__What you will do__
In the data below, find the line with "Blumen im Hornbach" and output it along with every later line, exactly, but not the pictures.
______________________________
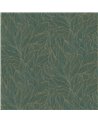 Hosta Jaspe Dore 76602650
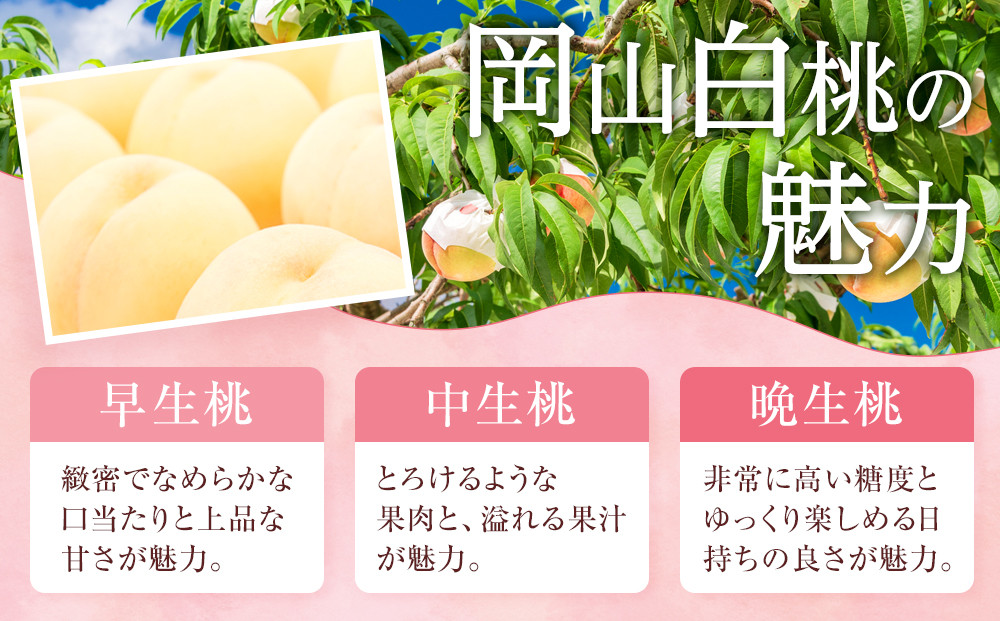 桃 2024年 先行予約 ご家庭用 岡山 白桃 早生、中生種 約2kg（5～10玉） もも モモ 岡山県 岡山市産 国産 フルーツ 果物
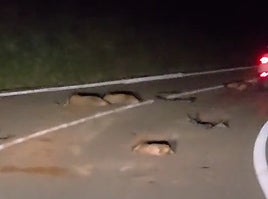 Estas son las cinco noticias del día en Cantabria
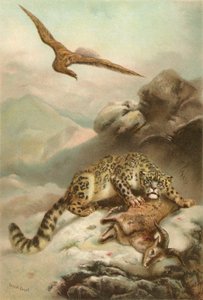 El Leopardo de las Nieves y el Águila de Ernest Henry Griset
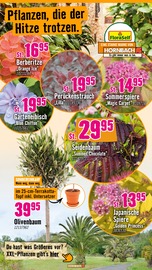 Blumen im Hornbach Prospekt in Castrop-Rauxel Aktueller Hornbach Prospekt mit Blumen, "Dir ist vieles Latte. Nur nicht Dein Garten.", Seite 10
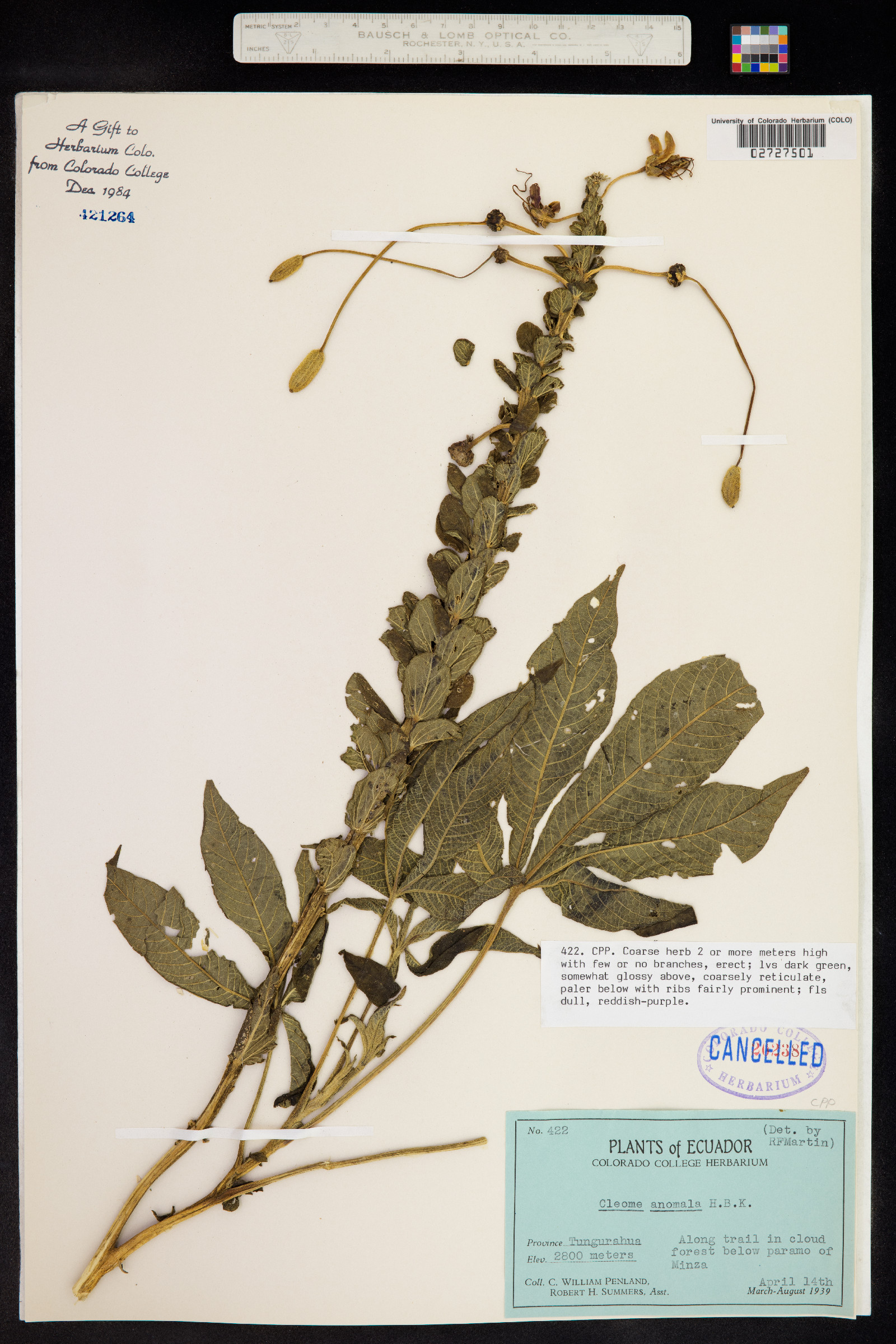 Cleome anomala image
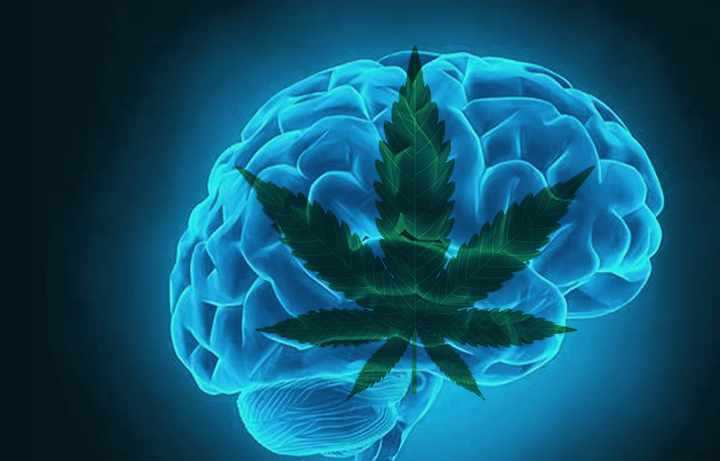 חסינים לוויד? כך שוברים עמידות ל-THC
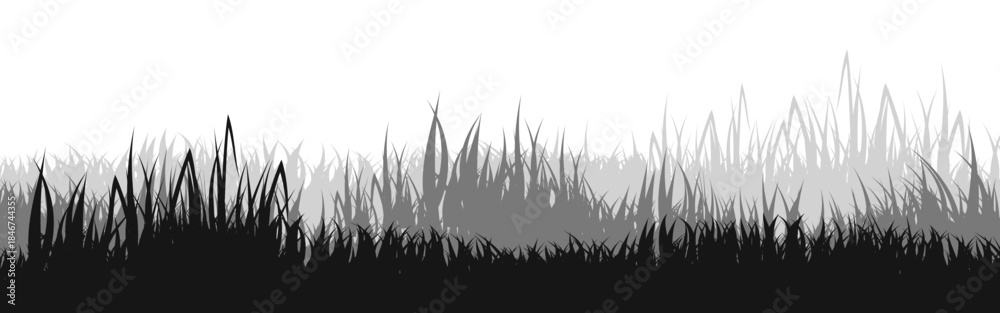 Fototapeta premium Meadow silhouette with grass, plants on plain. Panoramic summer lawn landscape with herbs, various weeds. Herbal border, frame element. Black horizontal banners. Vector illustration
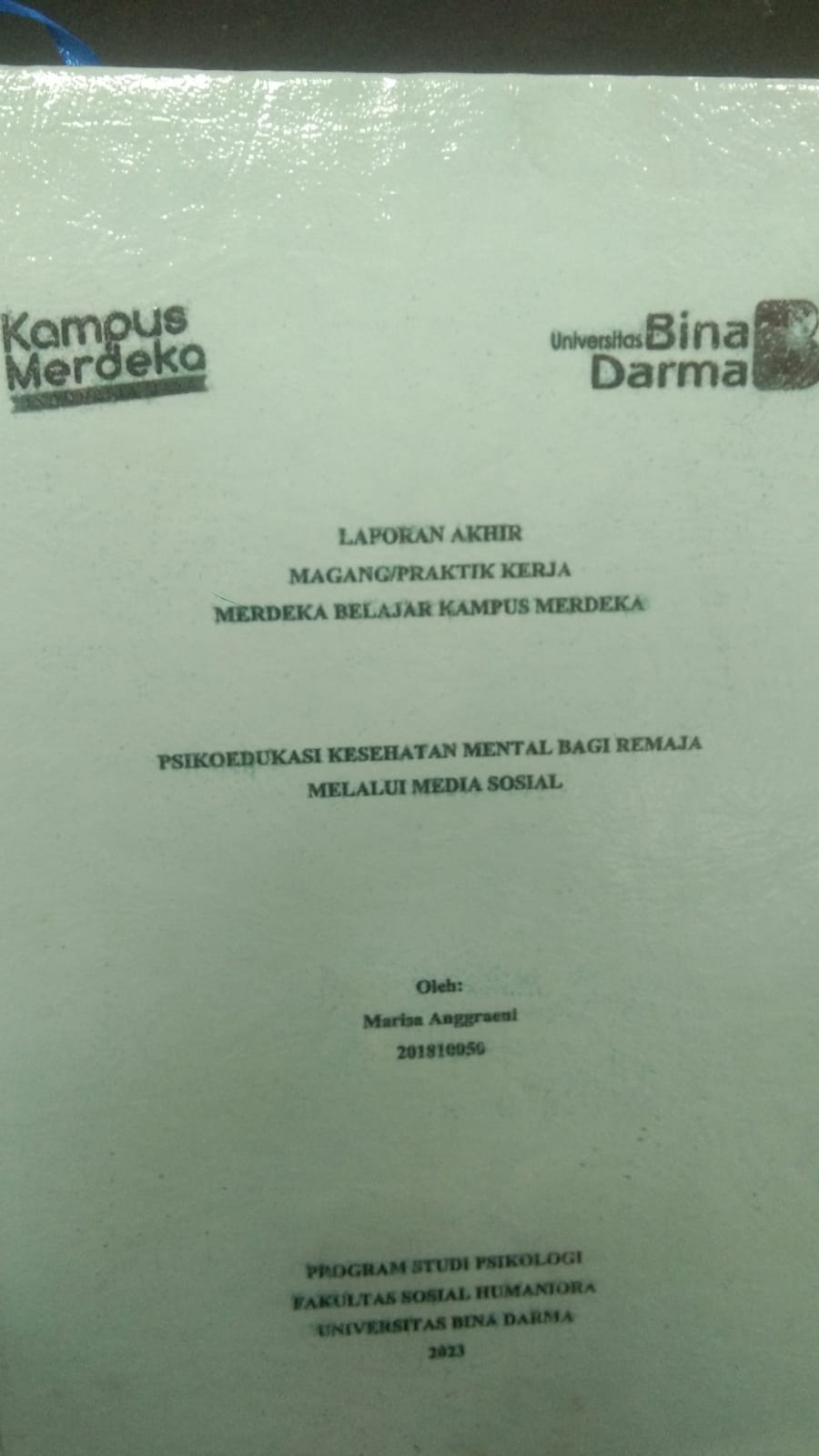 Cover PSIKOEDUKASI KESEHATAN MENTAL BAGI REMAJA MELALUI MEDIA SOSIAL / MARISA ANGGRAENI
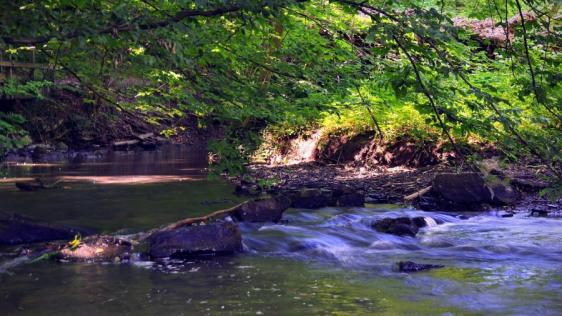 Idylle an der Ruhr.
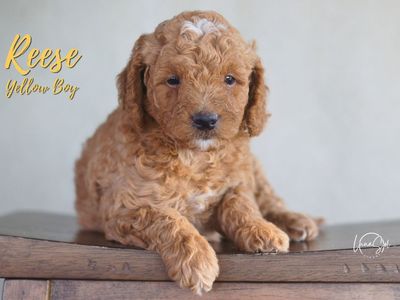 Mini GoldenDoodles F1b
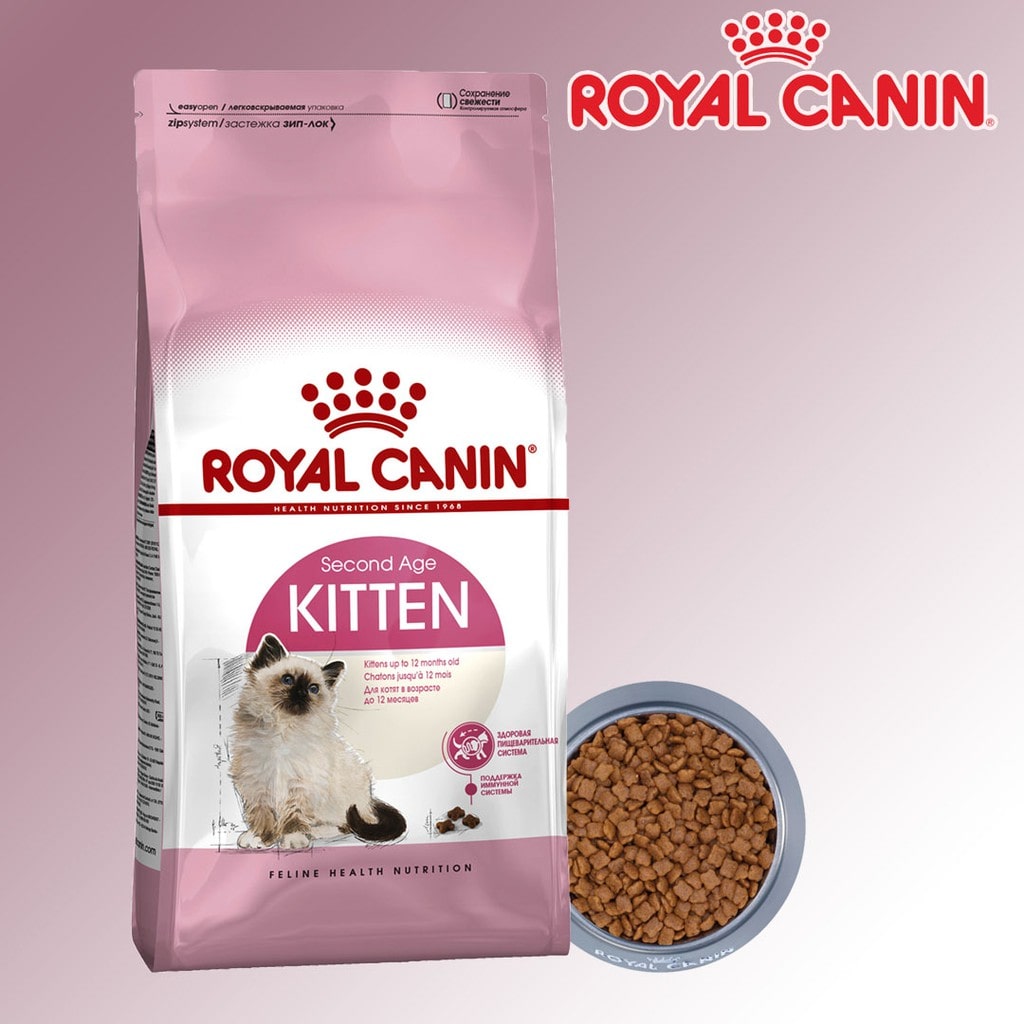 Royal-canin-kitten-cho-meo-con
______________________________
__Task output__
 Blumen im Hornbach Prospekt in Castrop-Rauxel Aktueller Hornbach Prospekt mit Blumen, "Dir ist vieles Latte. Nur nicht Dein Garten.", Seite 10
 Cleome anomala image
 חסינים לוויד? כך שוברים עמידות ל-THC
 Fototapeta premium Meadow silhouette with grass, plants on plain. Panoramic summer lawn landscape with herbs, various weeds. Herbal border, frame element. Black horizontal banners. Vector illustration
 Cover PSIKOEDUKASI KESEHATAN MENTAL BAGI REMAJA MELALUI MEDIA SOSIAL / MARISA ANGGRAENI
 Idylle an der Ruhr.
 Mini GoldenDoodles F1b
 Royal-canin-kitten-cho-meo-con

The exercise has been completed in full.